AgPerry/SWE-Lego-Qwen3-4B-posttrain-v2
AgPerry/SWE-Lego-Qwen3-4B-posttrain-v2 is a 4 billion parameter language model, fine-tuned from Qwen/Qwen3-4B. This model is specifically optimized for software engineering tasks, leveraging real and synthetic resolved trajectories from the SWE-Lego dataset. Its primary differentiation lies in its specialized training for code-related problem-solving and trajectory generation, making it suitable for automated software development workflows.
Loading preview...
Overview
This model, SWE-Lego-Qwen3-4B-posttrain-v2, is a specialized variant of the 4 billion parameter Qwen3-4B architecture. It has undergone fine-tuning on the SWE-Lego dataset, which comprises both real and synthetic resolved trajectories. The training specifically utilized a turn_mask to enhance its performance in sequential decision-making relevant to software engineering tasks.
Key Characteristics
- Base Model: Qwen/Qwen3-4B, a 4 billion parameter causal language model.
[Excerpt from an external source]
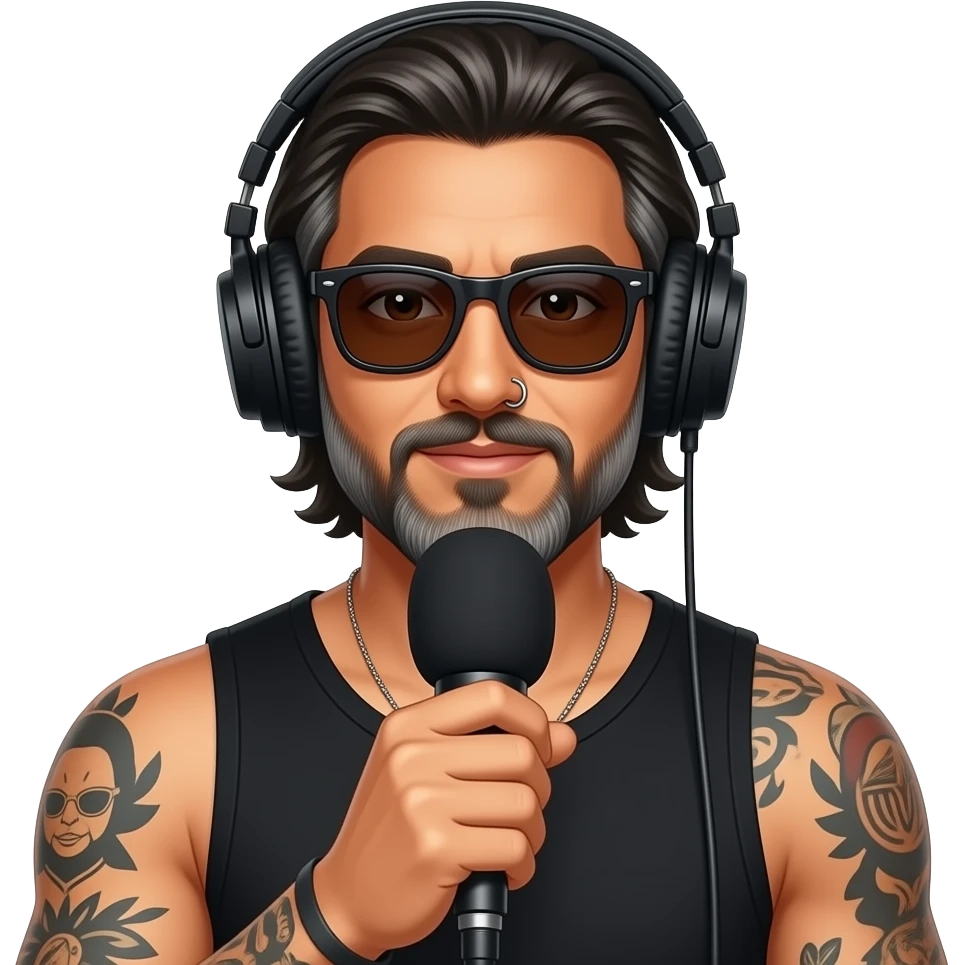 The handsome manly Latino podcast host with medium length hair, a long  slightly graying beard and tattoos with his ears pierced and a nose ring on the right side, dark brown eyes, dark sunglasses, headphones, recording an episode emoji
- Specialized Fine-tuning: Trained on the SWE-Lego dataset, focusing on resolved trajectories for software development.
- Optimized for Trajectories: Utilizes
turn_maskduring training, suggesting an emphasis on understanding and generating sequences of actions or steps.
Training Details
The model was trained with a learning rate of 0.0001, a total batch size of 64 (achieved with 8 devices and 8 gradient accumulation steps), and a cosine learning rate scheduler with 0.1 warmup steps over 4 epochs. The optimizer used was AdamW with standard betas and epsilon. This configuration aims to provide robust learning from the specialized SWE-Lego dataset.
Intended Use Cases
While specific intended uses are not detailed in the original model card, the fine-tuning on software engineering trajectories implies suitability for tasks such as:
- Automated code generation based on problem descriptions.
- Assisting with debugging by suggesting resolution steps.
- Generating sequences of actions for software development environments.
- Understanding and predicting developer workflows.